Source data
==========

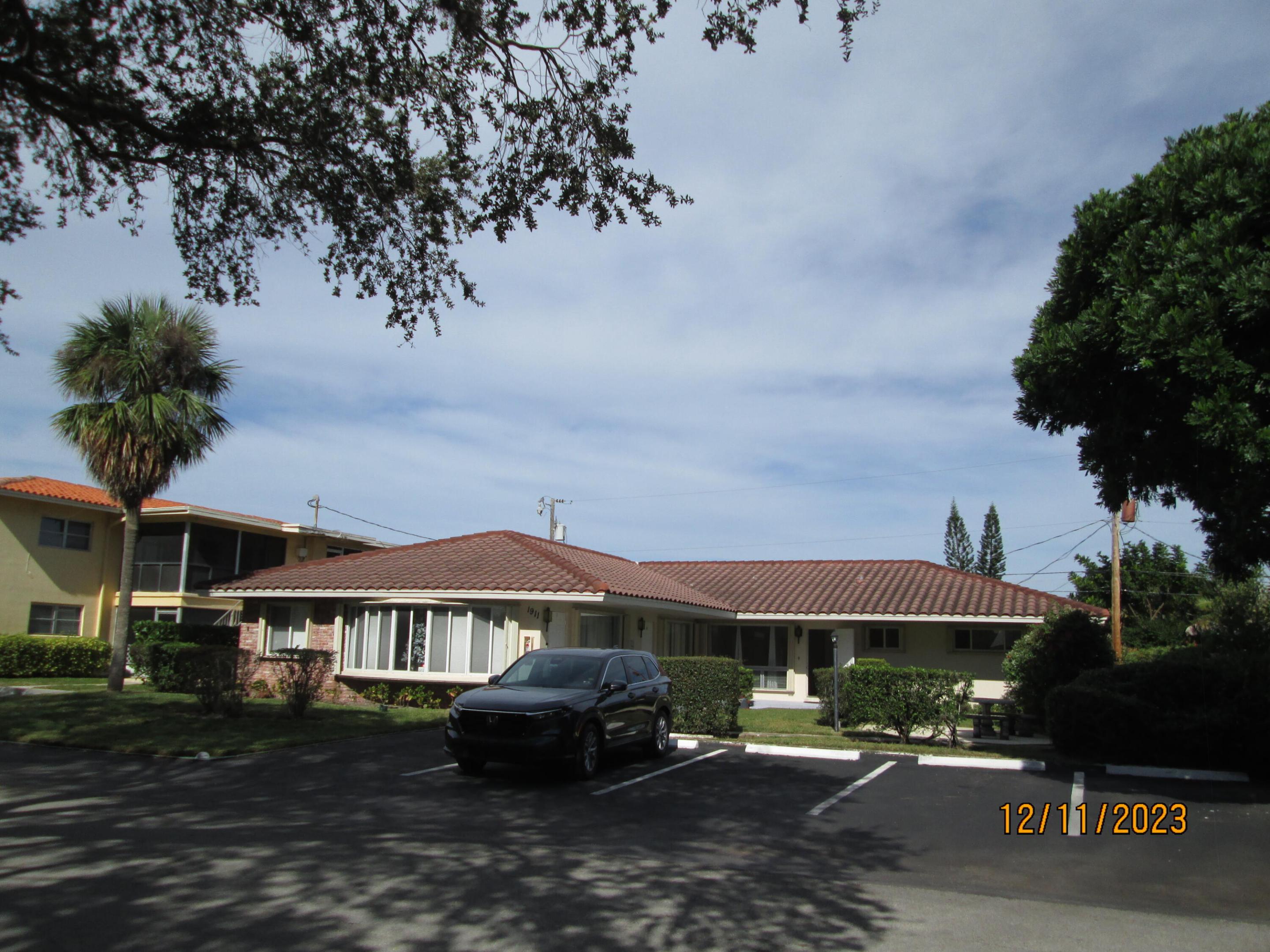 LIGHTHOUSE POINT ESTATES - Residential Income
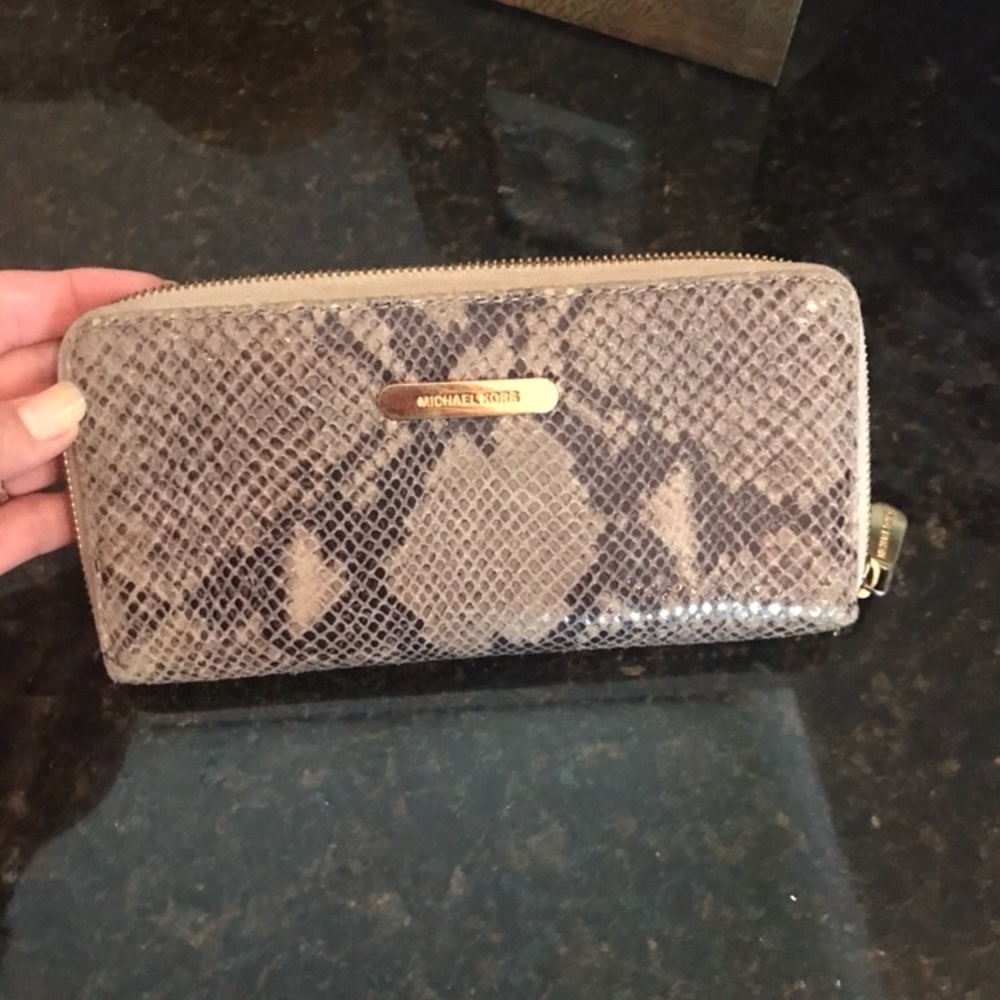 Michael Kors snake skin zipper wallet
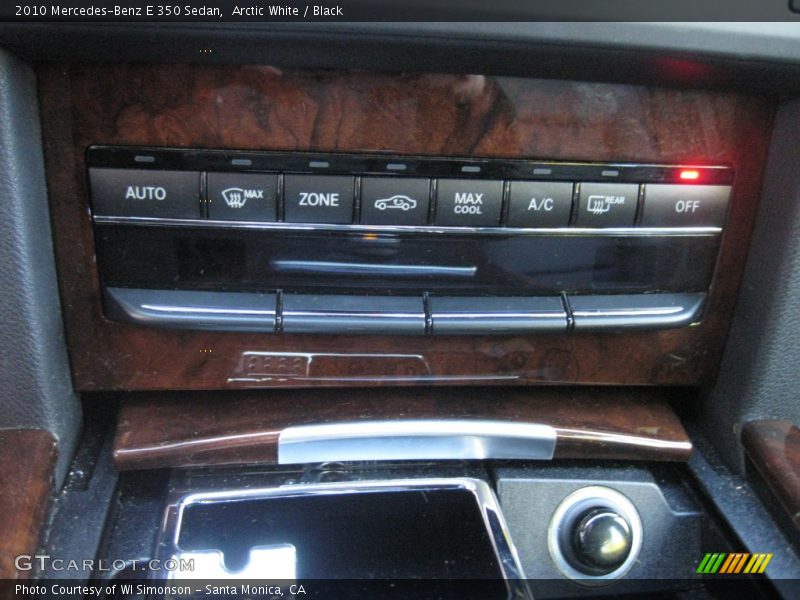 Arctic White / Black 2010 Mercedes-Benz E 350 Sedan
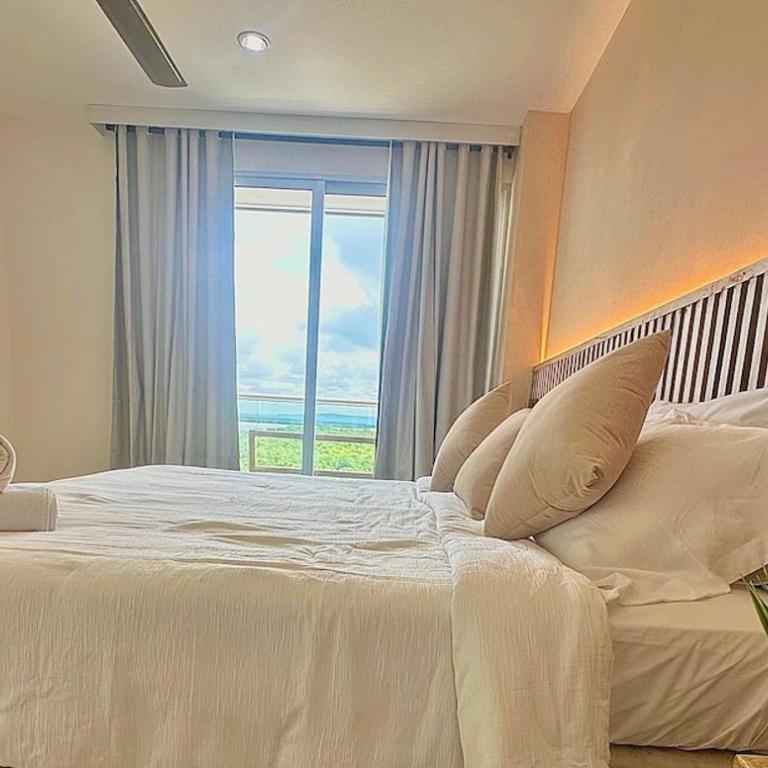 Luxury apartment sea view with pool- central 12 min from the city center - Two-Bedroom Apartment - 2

==========

Problem to solve
Output only the lines from the line that contains "Michael Kors snake skin zipper wallet" through the end of the material, both ends included, and skip every picture.

Solution to the exercise
 Michael Kors snake skin zipper wallet
 Arctic White / Black 2010 Mercedes-Benz E 350 Sedan
 Luxury apartment sea view with pool- central 12 min from the city center - Two-Bedroom Apartment - 2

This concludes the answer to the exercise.